Neil Harris wrote:
Neil Harris wrote:
Ilmari Karonen wrote:
If that really works, couldn't we just make AOL users _edit_ over SSL? Have http links with action=edit (or action=submit) redirect to an https URL if fetched from an AOL proxy.
This would break talk message notification for unregistered AOL users, but I suppose we could use a cookie for that. After all, talk pages are public, so there's no security issue even if someone fakes the cookie.
Now, that's an *excellent* idea.
1 the SSL overhead will be low, because edits are a tiny fraction of the overall traffic 2 If we only SSL the form submission, this limits the SSL overhead even further. 3 AOL browsing will still be proxied, so page-view load will not increase 4 AOL _browsing_ will still be completely anonymous 5 AOL IP editors will still be as anonymous as any other IP editors 6 Dynamic IP assignment should not be any more or less of a problem than with other ISPs
Are there any reasons why this should not work? Perhaps this could be the solution for all non-XFF-friendly ISPs?

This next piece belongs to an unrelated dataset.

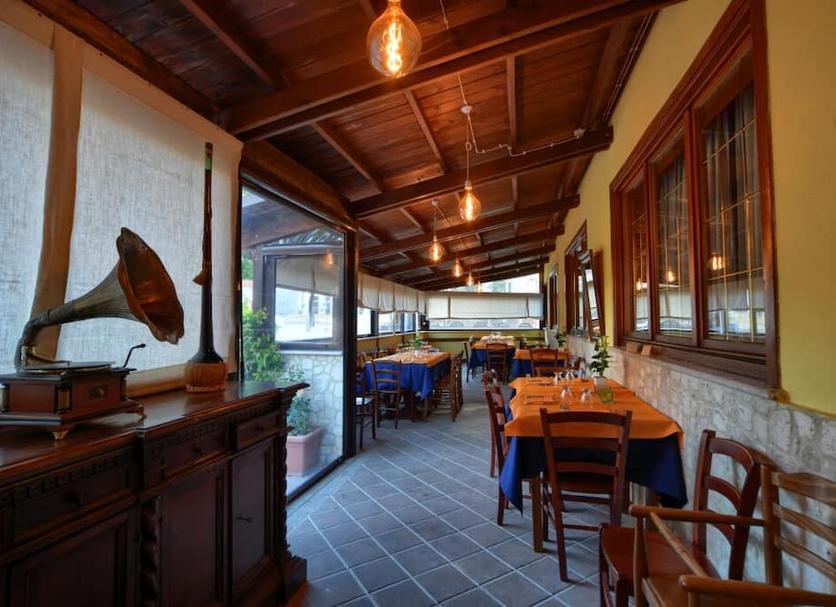 Restaurante Foto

It won't work for all of them, since some may tunnel SSL traffic through the proxy as well. There's very little we can do in that case without help from the user, and possibly not even then.
(From a technical viewpoint, the hardest situation is not a proxy, but a large number of users on RFC-1918 addresses behind a single NAT router. There's no way we can discover their internal IP address, and even if we could, it'd be all but useless to us.)
And, on re-reading, perhaps for AOL users only, the "my talk page" link could be an SSL link which would then auto-redirect to the appropriate IP address talk page, thus eliminating any need for a cookie.
Unregistered users don't _have_ a "my talk page" link, so the point is moot. They do, however, get those "You have new messages" notices, which is what I proposed the cookie for. I do agree with you that many if not most special pages, including Special:Mytalk, should also be served over SSL for those users.